Surviving the Bollywood Multiplex-Producer Rift
An industry carved out of nowhere started mass-producing things called movies. And we treat these things called movies like mass-consumable items. We go to the theatre, purchase tickets, and ‘down’ another movie. We have a wide array of choices of movie genres, just like we have a wide array of choices of Maggi noodle flavours. We can purchase a whole bunch of movie-addons, like popcorn or Coke, just like we purchase iPod addons, like headphones or covers. Movies are advertised, just to garner more sales, similar to cosmetic items, also advertised to garner more sales.
For my entire life, I’ve seen movies as just that, something consumable and done over with in three hours or less (more than three hours, then I have a problem!). It wasn’t really necessary. It wasn’t life-threatening.

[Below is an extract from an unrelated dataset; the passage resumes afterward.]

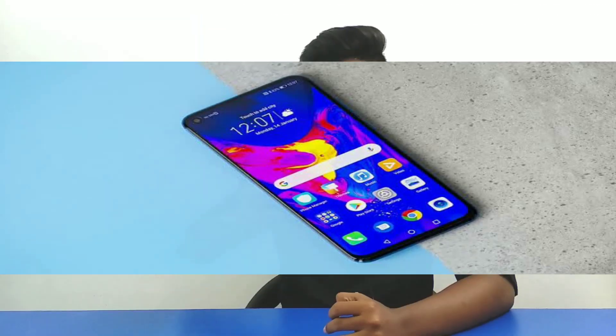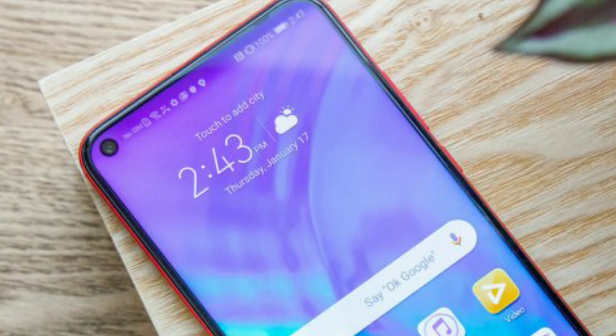It is confirmed that this is the new leak. For the internal support, we can see this phone. The display on the Honor 20 Pro is a punch-hole display. It has a Full HD Plus resolution and it has been 6.5 inches in size.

The recent Bollywood producer-Multiplex owners spat saw almost no decent film launching for full two months. And of course, the spat was over money – revenue sharing to be exact! Producers and Multiplex owners used to earlier split their revenue 40:60, but Bollywood producers wanted that to change to 50:50. Words were flung across, two fighting ‘factions’ were formed, and a boycott began. But after two months of complete loss, they have arrived at a solution – 50:50 in the first week, and a changing ratio in the consecutive weeks. Of course, it cost them Rs. 100 crore to do all that!

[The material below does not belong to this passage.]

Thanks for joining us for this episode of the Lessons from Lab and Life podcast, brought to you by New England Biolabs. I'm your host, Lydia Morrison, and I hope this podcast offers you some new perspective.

With two months of movie starvation, I’m ready to pull my hair apart (ignore the fact that I’ve already had a lot of hair loss, no massaging helped) (umm .. err .. ignore that altogether!)! I’m a slave to such entertainment, it feeds my soul. I can’t believe it, but I’m actually looking forward to seeing even the crappy Bollywood movies. Just, goddamnit, give me a nice comfy seat with an over-priced bag of under-nourishing popcorn and nice large movie screen in the front. With a movie playing!

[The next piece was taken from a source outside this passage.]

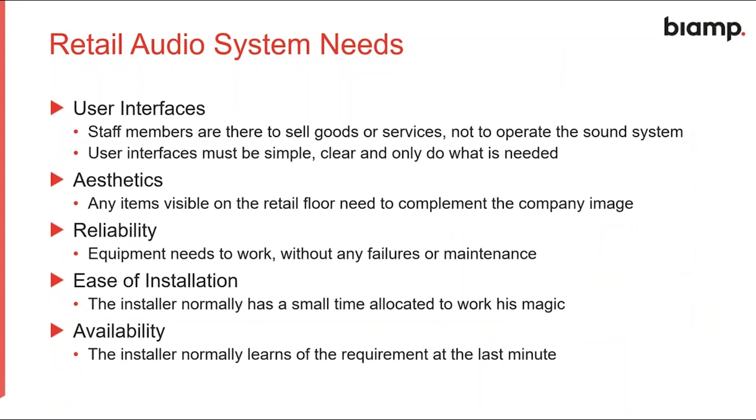Staff are there to sell goods, not operate the sound system, so user interfaces need to be discreet, simple, clear, and do only what is needed. The aesthetics of any equipment must complement the brand imagery. Reliability is a given — it is not a good position if the equipment fails and stops the retail environment from having music. Ease of installation is important as the installer typically has limited time on site but needs to deliver a working solution.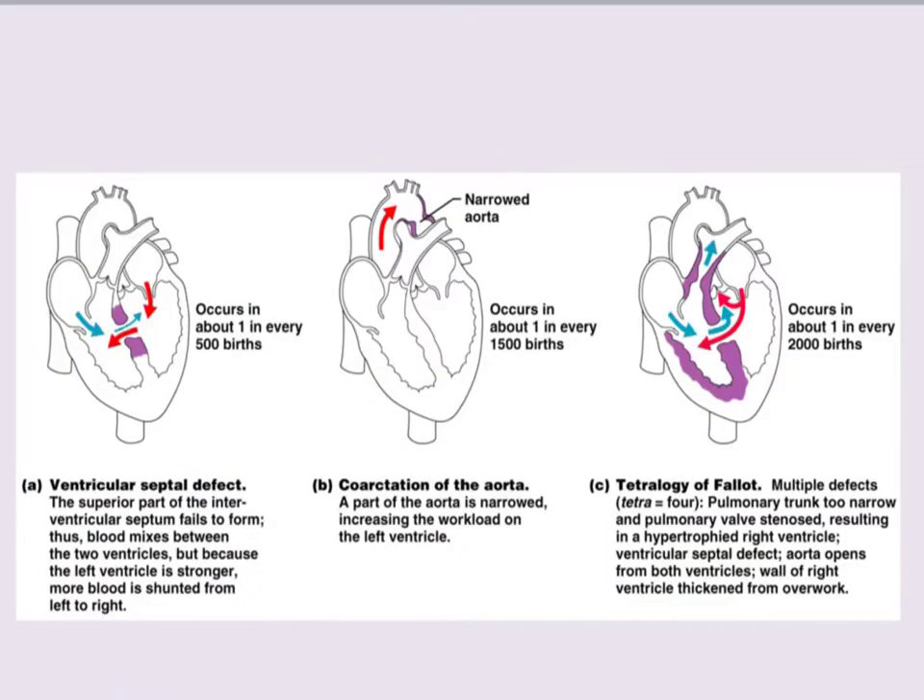Every once in a while, you can have a congenital defect in your heart. One of them could be a ventricular septal defect, meaning there's a hole in the septum that divides the right and left ventricles — this occurs in about one in every 500 births. About one in every 1500 births, you have a narrowed aorta, which can cause the heart to work very hard as it tries to push blood through that tiny opening — it's kind of like a traffic jam.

Seriously, the real Indian summer starts in June!
But then I wonder – how many people even watched movies in the 19th century? I’m sure there were many theatrical plays, and musical sessions. But how many? 5 shows a day, 7 days a week? New plays every friday?
Yet we, the 21st century inhabitants, can’t possibly live without the movies. We’re the next generation of consumers – demanding whenever, wherever, however entertainment.
And theres lots of bloody money to be made out of that!